**WHAT YOU HAVE TO DO**. Keep to one stretch of the data below, the lines from the one with "Manifest: Treci la nivelul urmator" up to and including the one with "Peka hiking boots", and return that stretch exactly.

**SUPPLIED INFORMATION**.
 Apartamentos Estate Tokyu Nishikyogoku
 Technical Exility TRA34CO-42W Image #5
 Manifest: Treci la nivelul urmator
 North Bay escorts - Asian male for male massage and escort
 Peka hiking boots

...

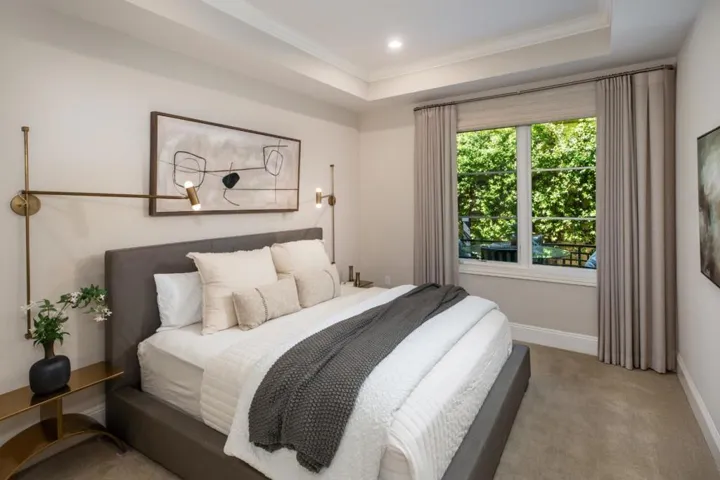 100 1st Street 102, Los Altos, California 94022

**SOLUTION**.
 Manifest: Treci la nivelul urmator
 North Bay escorts - Asian male for male massage and escort
 Peka hiking boots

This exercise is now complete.